朝の通勤ラッシュの地下鉄にもまれながら、Universidad de Santiagoというバスターミナルのある駅へ着いた。今日はサンティアゴからバスで約1時間半の所にある、バルパライソとビーニャを観光することにした。家族のジェニーと行くはずだったが、急遽痛んでいる肩の診察へ行くことになったので、1人で出かけた。

 毎週娘のダニエラに英語を教えている、カタリーナがバルパライソの大学へ通っているので、今日は彼女に町を案内して貰えることになった。
バスはサンティアゴから
1500ペソ(約280円)、時間帯によって金額は変わるが、とってもお得である。
バスに乗ったらぐっすり寝てしまい、気がついたらバルパライソの駅のターミナルに着いていた。バスを降りると、カタリーナが出迎えてくれた。

 さっそく丘の上へ上がってみることにした。バルパライソは世界遺産に指定されているチリの主要な港町であり、たくさんの丘にカラフルな家が建ち並ぶ、歴史的な場所である。
市内バスに乗って、チリの詩人、
Pablo Nerudaが住んでいた博物館へ向かった。パブロ・ネルーダ(本名:リカルド・エリエセール・ネフタリ・レイエス)はチリで最も有名な詩人であり、たくさんの国を旅しては、当時珍しかった外国製品を買い集めていた。

La Sebastianaは、当時彼が住んでいた家がそのまま博物館になっており、5階建ての家には、それぞれの階に、彼が生涯に渡って集めた素晴らしいコレクションの数々が展示してあった。
彼の書斎から見えるバルパライソの美しい丘と港は、きっと彼の感性をより豊かにしたに違いない。




 彼の博物館を去ったあと、私たちは丘を歩き、町の中心街へ戻った。
カタリーナは、大学へ行く以前はサンティアゴに住んでいたが、すっかりこの町が気に入り、卒業した後も、この町で英語の教師として働きたいと話していた。

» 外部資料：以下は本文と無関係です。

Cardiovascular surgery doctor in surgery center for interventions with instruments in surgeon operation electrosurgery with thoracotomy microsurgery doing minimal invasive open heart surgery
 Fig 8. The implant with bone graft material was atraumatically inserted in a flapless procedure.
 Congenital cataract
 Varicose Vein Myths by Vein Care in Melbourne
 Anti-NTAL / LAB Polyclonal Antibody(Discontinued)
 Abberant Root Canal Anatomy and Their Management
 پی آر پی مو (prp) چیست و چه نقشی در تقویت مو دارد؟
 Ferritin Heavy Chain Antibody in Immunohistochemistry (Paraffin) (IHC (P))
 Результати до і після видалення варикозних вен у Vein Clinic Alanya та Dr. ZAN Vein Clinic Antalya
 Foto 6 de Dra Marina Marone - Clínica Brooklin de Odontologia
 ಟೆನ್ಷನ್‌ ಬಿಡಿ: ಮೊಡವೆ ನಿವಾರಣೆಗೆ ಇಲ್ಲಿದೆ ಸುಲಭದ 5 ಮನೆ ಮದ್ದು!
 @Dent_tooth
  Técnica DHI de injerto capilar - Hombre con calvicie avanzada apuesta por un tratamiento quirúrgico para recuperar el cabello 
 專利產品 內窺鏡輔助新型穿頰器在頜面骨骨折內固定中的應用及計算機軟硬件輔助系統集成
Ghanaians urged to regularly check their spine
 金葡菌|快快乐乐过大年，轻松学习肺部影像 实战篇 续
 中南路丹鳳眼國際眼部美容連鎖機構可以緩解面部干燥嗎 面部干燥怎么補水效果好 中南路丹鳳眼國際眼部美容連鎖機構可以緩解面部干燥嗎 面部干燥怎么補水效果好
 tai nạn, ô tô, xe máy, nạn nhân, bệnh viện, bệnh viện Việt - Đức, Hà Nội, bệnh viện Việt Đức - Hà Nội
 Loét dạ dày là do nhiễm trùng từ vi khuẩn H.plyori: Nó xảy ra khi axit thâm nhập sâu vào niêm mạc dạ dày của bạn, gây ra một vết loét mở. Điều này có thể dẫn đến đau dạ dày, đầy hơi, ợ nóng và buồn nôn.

彼女は今、友達と
3人でルームシェアーをして暮らしている。

 私も少しの時間しかこの町を歩いていないが、ここは住んでみたいと思う場所だった。豊かな緑と海、町に出れば、ある程度生活に必要なものが揃っている。このようにバランスのとれた町は珍しい。


 お昼は町のメルカード(大衆食堂)へ行き、"Pancho"というレストランでチャキカンを食べた。これはバルパライソの定番の料理だそうだ。

 Pancho(パンチョ)とは、昔のバルパライソの呼び名で、船でバルパライソにやって来る船乗り達が、サンフランシスコ(当時パンチョと呼ばれていた)教会に灯る明かりを頼りにしていたことからこの名が付いたそうだ。




 食事の後、バスで
15分の隣町、Vina(ビーニャ)へ向かった。ビーニャはバルパライソに比べ、もっと都会的で観光地化している場所だった。
バルパライソでは、通りにゴミや犬の糞が散乱していたが、ビーニャはゴミ一つ落ちていないような、きれいに整備された町だった。立ち並ぶ建物も、アンティークなものはなく、近代的なビルばかりで、やはりこちらに住んでいるのはお金持ちが多いらしい。
海岸沿いには、生まれて初めて目にするペリカン達が気持ち良さそうに泳いでいた。海岸の遊歩道に平行して並ぶ大きな岩には、たくさん諺が書いてあった。


 しばらく海岸沿いを歩いていると、とっくに帰りのバスの出発の時間になっていた。もうどうやっても間に合わない。時計も携帯も持っていないので、すっかり時間を忘れてしまっていた。
バスターミナルへ行くと、バスは出てしまっていた。ここはボリビアではない。バスも定刻に出発するチリという国なのだ。バス会社でチケットを変更して貰った。遅く出る便は少し料金が高かったので、不足分
1300ペソを払った。

1日一緒に時間を過ごしてくれたカタリーナにお礼を行って、バスに乗り込んだ。バスに揺られ1時間半ほどすると、遠くにオレンジ色の都会の光が瞬いていた。
たった
1時間東へ行っただけで、こんなに違う環境や世界がある。1日の小旅行は、私に今立っている場所が世界のすべてではないことを改めて感じさせてくれた。